### Exercise goal
The records below need to be printed in full. Keep each one exact.

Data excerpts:
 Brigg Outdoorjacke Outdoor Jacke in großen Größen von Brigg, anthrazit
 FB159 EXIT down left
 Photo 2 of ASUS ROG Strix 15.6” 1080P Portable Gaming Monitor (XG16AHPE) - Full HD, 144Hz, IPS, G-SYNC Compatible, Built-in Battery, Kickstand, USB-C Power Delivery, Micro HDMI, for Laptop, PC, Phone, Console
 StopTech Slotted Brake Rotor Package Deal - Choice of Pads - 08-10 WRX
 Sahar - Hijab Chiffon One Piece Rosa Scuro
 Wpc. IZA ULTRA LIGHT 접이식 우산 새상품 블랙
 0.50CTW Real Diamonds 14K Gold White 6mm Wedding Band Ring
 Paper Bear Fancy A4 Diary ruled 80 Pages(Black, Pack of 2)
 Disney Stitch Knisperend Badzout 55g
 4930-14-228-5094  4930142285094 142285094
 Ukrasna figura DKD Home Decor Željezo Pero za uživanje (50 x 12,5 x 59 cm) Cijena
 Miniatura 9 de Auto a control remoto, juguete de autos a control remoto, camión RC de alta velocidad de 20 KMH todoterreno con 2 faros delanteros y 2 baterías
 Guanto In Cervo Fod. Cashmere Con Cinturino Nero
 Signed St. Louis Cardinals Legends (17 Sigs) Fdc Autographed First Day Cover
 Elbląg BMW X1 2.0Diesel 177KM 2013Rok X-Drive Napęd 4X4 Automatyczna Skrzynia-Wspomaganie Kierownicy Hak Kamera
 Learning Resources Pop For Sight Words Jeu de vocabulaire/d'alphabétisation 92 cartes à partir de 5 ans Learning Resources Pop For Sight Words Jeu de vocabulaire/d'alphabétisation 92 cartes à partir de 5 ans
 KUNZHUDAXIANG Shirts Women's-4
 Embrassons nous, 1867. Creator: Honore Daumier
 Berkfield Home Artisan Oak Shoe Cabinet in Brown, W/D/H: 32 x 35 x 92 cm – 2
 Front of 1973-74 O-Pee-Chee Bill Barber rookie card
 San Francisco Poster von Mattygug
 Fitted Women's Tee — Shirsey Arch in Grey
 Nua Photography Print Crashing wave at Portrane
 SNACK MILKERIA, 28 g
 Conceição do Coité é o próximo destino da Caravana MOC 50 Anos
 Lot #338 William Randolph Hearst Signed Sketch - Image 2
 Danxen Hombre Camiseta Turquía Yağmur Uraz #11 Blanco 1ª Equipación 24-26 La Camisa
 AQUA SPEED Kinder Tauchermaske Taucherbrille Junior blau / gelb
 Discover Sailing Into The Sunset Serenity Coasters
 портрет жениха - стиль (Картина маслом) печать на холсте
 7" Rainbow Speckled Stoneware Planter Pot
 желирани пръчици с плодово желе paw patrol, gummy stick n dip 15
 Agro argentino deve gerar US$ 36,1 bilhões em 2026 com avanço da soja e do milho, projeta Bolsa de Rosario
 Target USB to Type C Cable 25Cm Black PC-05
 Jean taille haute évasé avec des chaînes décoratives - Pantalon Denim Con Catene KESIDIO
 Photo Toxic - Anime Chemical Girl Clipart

### The answer
 Brigg Outdoorjacke Outdoor Jacke in großen Größen von Brigg, anthrazit
 FB159 EXIT down left
 Photo 2 of ASUS ROG Strix 15.6” 1080P Portable Gaming Monitor (XG16AHPE) - Full HD, 144Hz, IPS, G-SYNC Compatible, Built-in Battery, Kickstand, USB-C Power Delivery, Micro HDMI, for Laptop, PC, Phone, Console
 StopTech Slotted Brake Rotor Package Deal - Choice of Pads - 08-10 WRX
 Sahar - Hijab Chiffon One Piece Rosa Scuro
 Wpc. IZA ULTRA LIGHT 접이식 우산 새상품 블랙
 0.50CTW Real Diamonds 14K Gold White 6mm Wedding Band Ring
 Paper Bear Fancy A4 Diary ruled 80 Pages(Black, Pack of 2)
 Disney Stitch Knisperend Badzout 55g
 4930-14-228-5094  4930142285094 142285094
 Ukrasna figura DKD Home Decor Željezo Pero za uživanje (50 x 12,5 x 59 cm) Cijena
 Miniatura 9 de Auto a control remoto, juguete de autos a control remoto, camión RC de alta velocidad de 20 KMH todoterreno con 2 faros delanteros y 2 baterías
 Guanto In Cervo Fod. Cashmere Con Cinturino Nero
 Signed St. Louis Cardinals Legends (17 Sigs) Fdc Autographed First Day Cover
 Elbląg BMW X1 2.0Diesel 177KM 2013Rok X-Drive Napęd 4X4 Automatyczna Skrzynia-Wspomaganie Kierownicy Hak Kamera
 Learning Resources Pop For Sight Words Jeu de vocabulaire/d'alphabétisation 92 cartes à partir de 5 ans Learning Resources Pop For Sight Words Jeu de vocabulaire/d'alphabétisation 92 cartes à partir de 5 ans
 KUNZHUDAXIANG Shirts Women's-4
 Embrassons nous, 1867. Creator: Honore Daumier
 Berkfield Home Artisan Oak Shoe Cabinet in Brown, W/D/H: 32 x 35 x 92 cm – 2
 Front of 1973-74 O-Pee-Chee Bill Barber rookie card
 San Francisco Poster von Mattygug
 Fitted Women's Tee — Shirsey Arch in Grey
 Nua Photography Print Crashing wave at Portrane
 SNACK MILKERIA, 28 g
 Conceição do Coité é o próximo destino da Caravana MOC 50 Anos
 Lot #338 William Randolph Hearst Signed Sketch - Image 2
 Danxen Hombre Camiseta Turquía Yağmur Uraz #11 Blanco 1ª Equipación 24-26 La Camisa
 AQUA SPEED Kinder Tauchermaske Taucherbrille Junior blau / gelb
 Discover Sailing Into The Sunset Serenity Coasters
 портрет жениха - стиль (Картина маслом) печать на холсте
 7" Rainbow Speckled Stoneware Planter Pot
 желирани пръчици с плодово желе paw patrol, gummy stick n dip 15
 Agro argentino deve gerar US$ 36,1 bilhões em 2026 com avanço da soja e do milho, projeta Bolsa de Rosario
 Target USB to Type C Cable 25Cm Black PC-05
 Jean taille haute évasé avec des chaînes décoratives - Pantalon Denim Con Catene KESIDIO
 Photo Toxic - Anime Chemical Girl Clipart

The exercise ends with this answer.